> **Action item**:
The exercise calls for the lines from the one containing "Having A Mental" to the end of the data below to be output exactly, pictures excluded.

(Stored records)

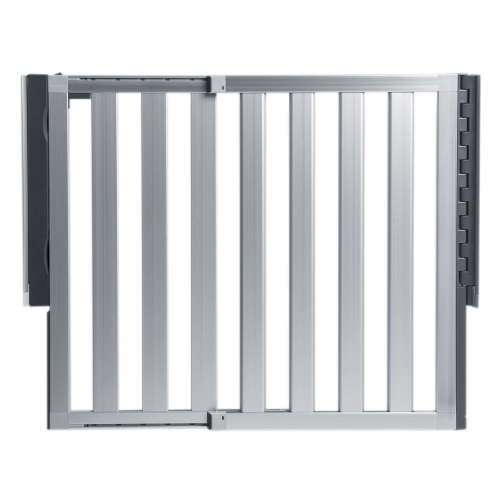 Munchkin Loft Hardware Mounted Baby Gate for Stairs, Hallways and Doors, Extends 26.5"- 40" Wide, Silver Aluminum - Walmart.ca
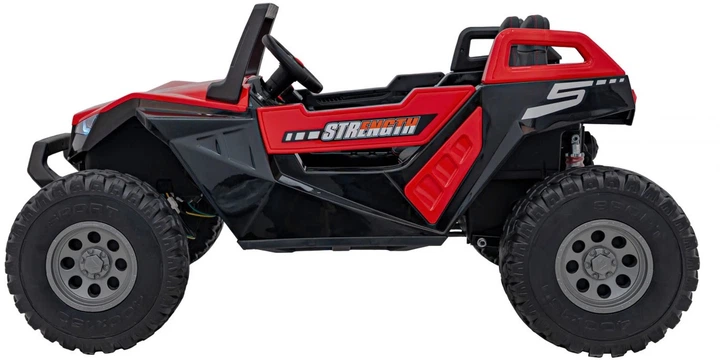 Samochód elektryczny dla dzieci Buggy Clash Strong 2-osobowy Czerwony (5903864955989) - obraz 3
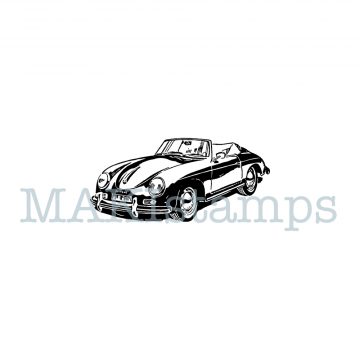 sports car rubber stamp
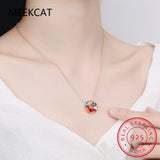 2.6ct Gemstone Pendant Necklace 925 Sterling Silver Choker Chain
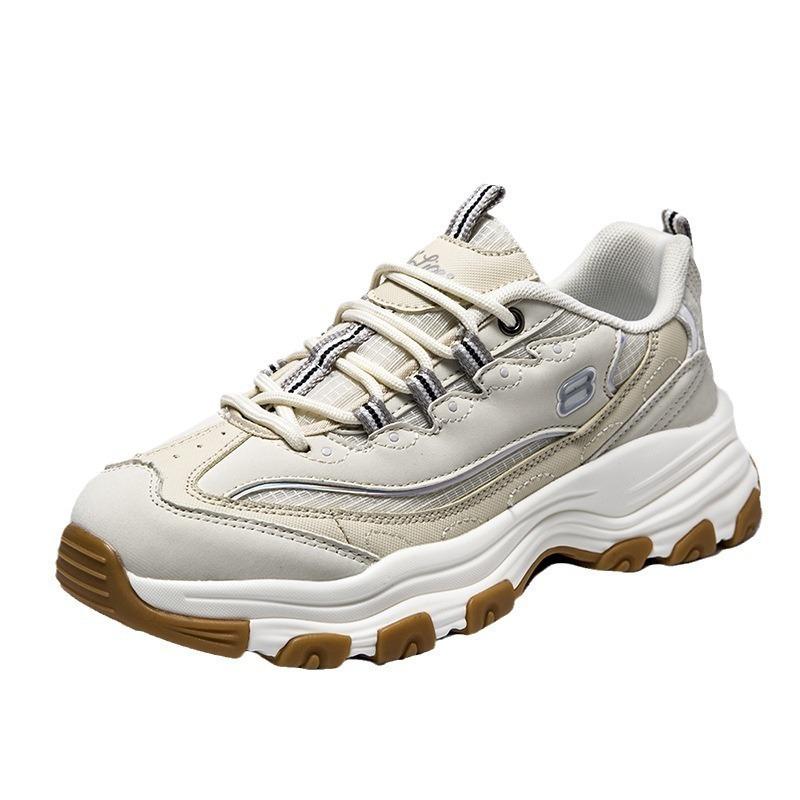 Classic Color Matching Trendy Heightening Casual Versatile Light Bottom Rebound Pixel Bottom Dad Shoes Casual Shoes Heightening Couple Shoes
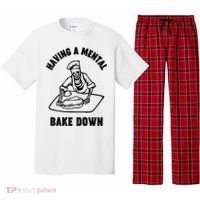 Having A Mental Bake Down Halloween Chef Pajama Set thumb 0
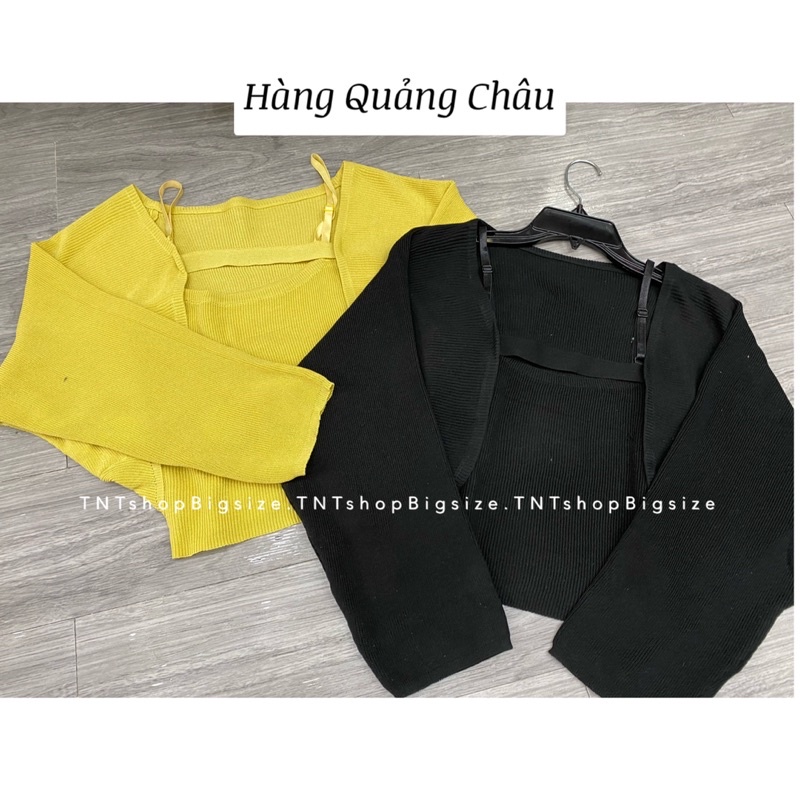 SET ÁO LEN 2 DÂY [ TNT SHOP BIGSIZE 60kg 90kg ] | BigBuy360 - bigbuy360.vn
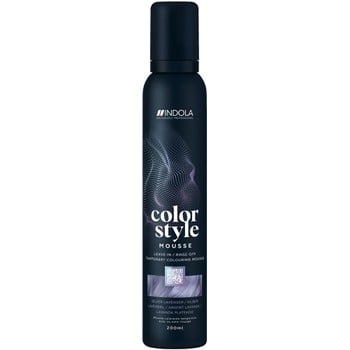 INDOLA COLOR STYLE MOUSSE LEAVE-IN ΑΣΗΜΙ ΛΕΒΑΝΤΑ 2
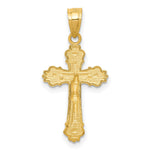 14k Small Crucifix Charm - Product Photo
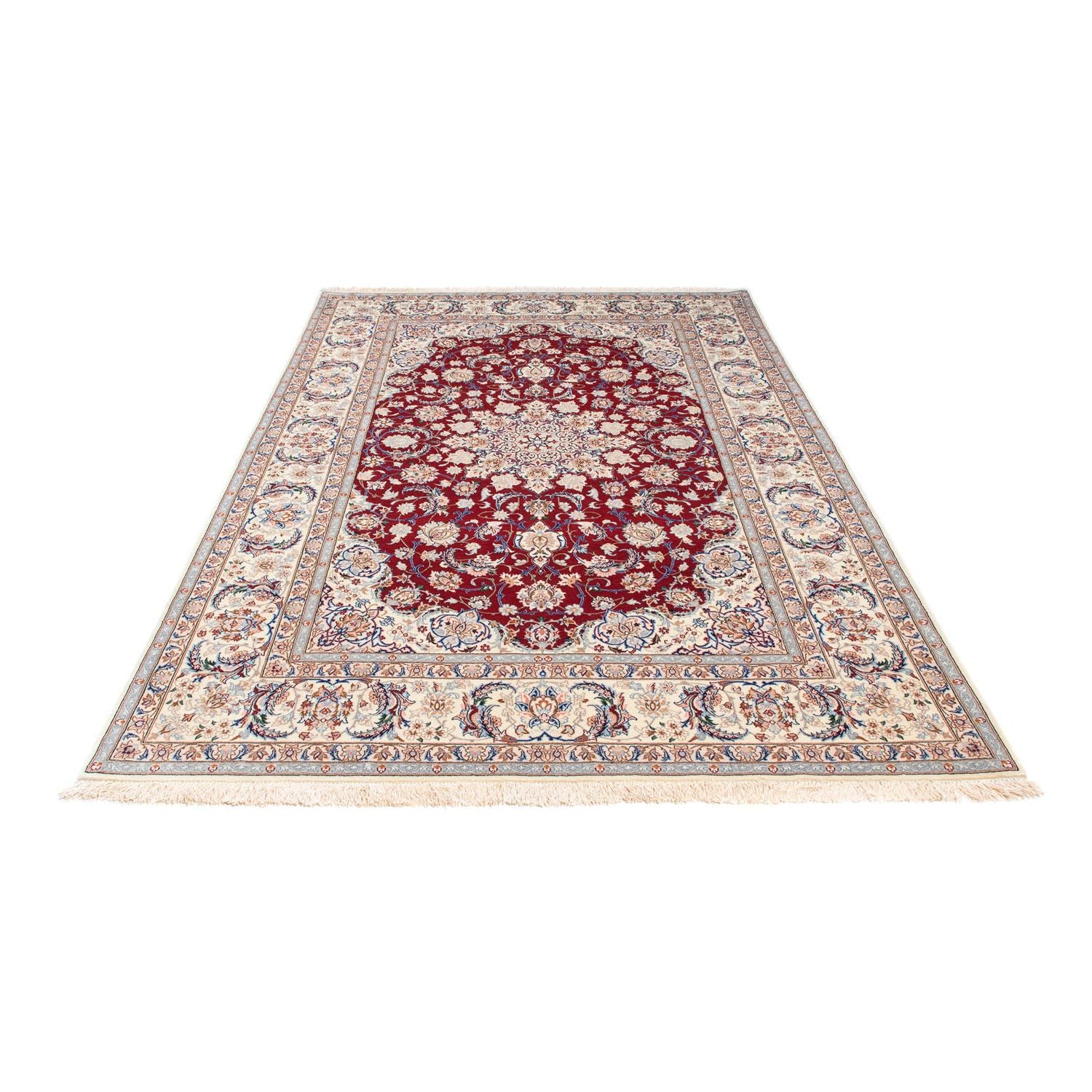Alfombra Persa - Isfahan - Prima - 243 x 157 cm - rojo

> **Written reply**:
 Having A Mental Bake Down Halloween Chef Pajama Set thumb 0
 SET ÁO LEN 2 DÂY [ TNT SHOP BIGSIZE 60kg 90kg ] | BigBuy360 - bigbuy360.vn
 INDOLA COLOR STYLE MOUSSE LEAVE-IN ΑΣΗΜΙ ΛΕΒΑΝΤΑ 2
 14k Small Crucifix Charm - Product Photo
Alfombra Persa - Isfahan - Prima - 243 x 157 cm - rojo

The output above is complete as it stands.